REQUIRED ACTION:
A faithful copy is required: retype the records from their first line through the line with "LOFT Navy Textured Crewneck Sweater", and omit the pictures.

PROVIDED INFORMATION:
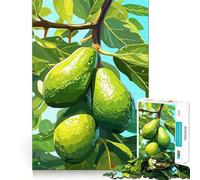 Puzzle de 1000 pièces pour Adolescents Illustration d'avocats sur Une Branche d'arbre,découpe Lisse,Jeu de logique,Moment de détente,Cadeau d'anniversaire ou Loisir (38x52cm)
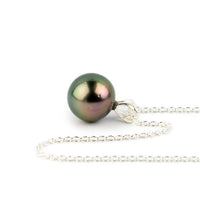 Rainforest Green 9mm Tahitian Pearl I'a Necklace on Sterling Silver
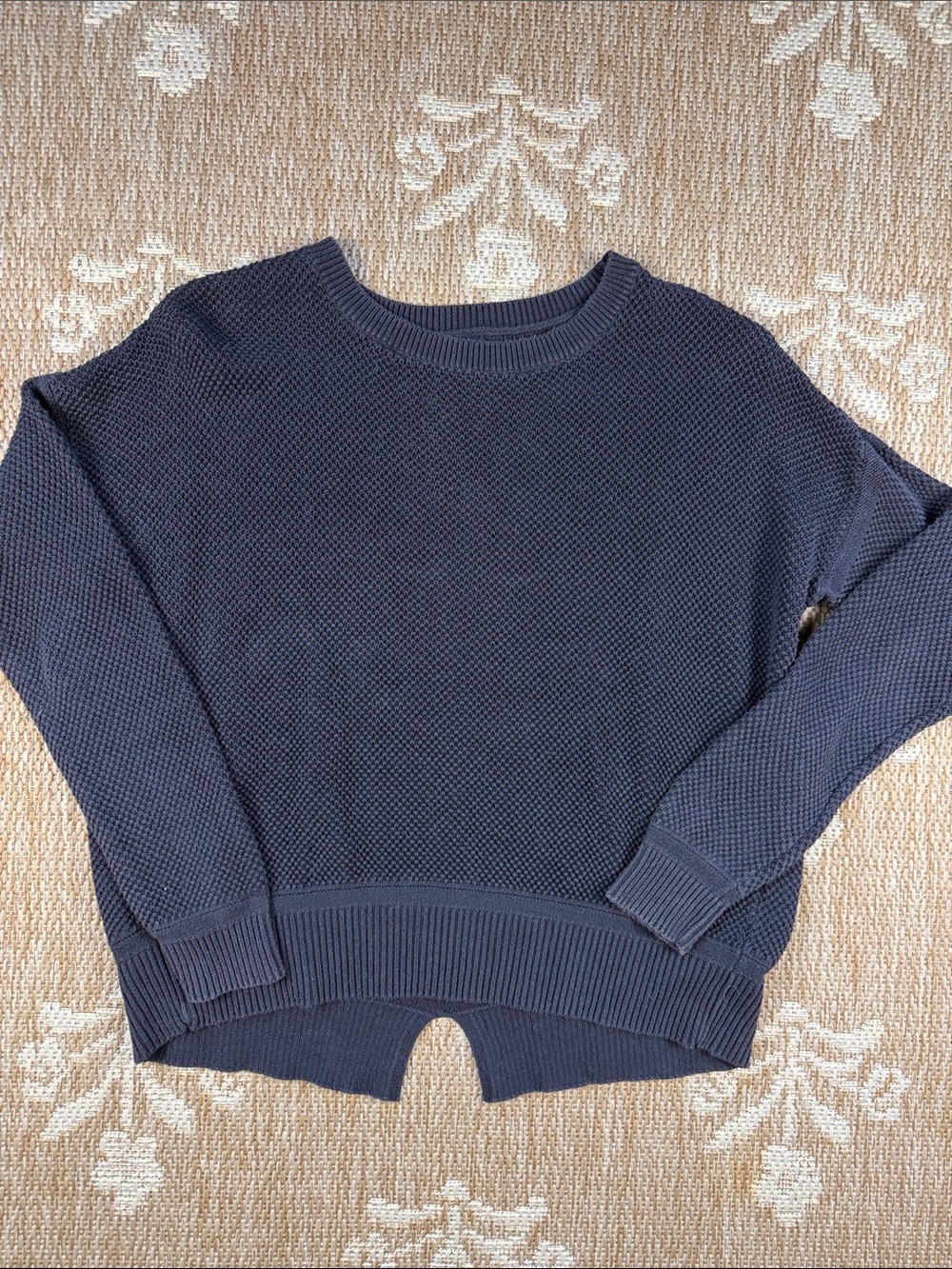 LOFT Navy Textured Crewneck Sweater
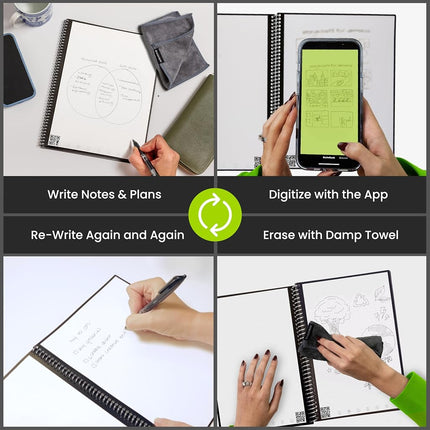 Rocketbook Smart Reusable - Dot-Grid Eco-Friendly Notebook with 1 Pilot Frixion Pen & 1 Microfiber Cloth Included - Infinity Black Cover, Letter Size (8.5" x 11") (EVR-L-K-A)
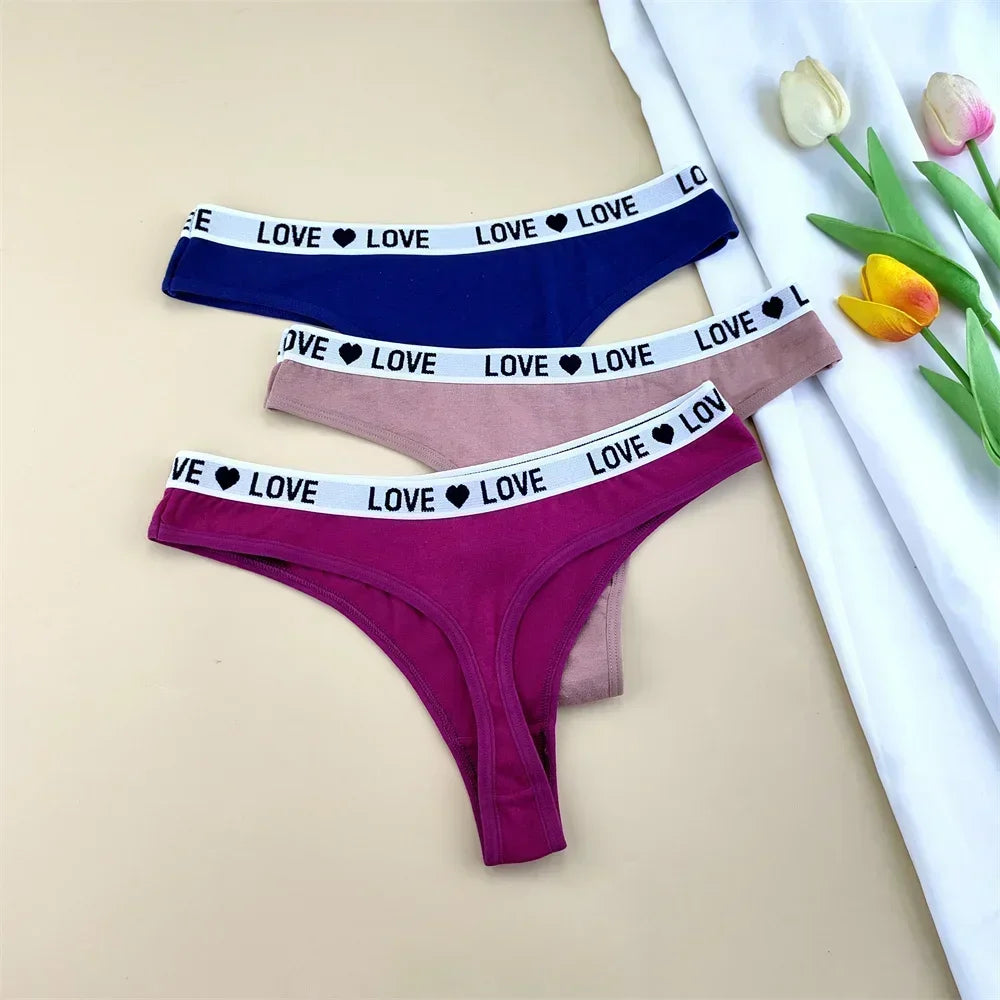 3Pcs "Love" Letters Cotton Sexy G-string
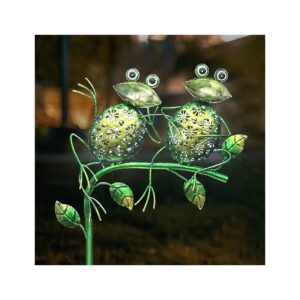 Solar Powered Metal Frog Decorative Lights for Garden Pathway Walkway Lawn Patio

YOUR SOLUTION:
 Puzzle de 1000 pièces pour Adolescents Illustration d'avocats sur Une Branche d'arbre,découpe Lisse,Jeu de logique,Moment de détente,Cadeau d'anniversaire ou Loisir (38x52cm)
 Rainforest Green 9mm Tahitian Pearl I'a Necklace on Sterling Silver
 LOFT Navy Textured Crewneck Sweater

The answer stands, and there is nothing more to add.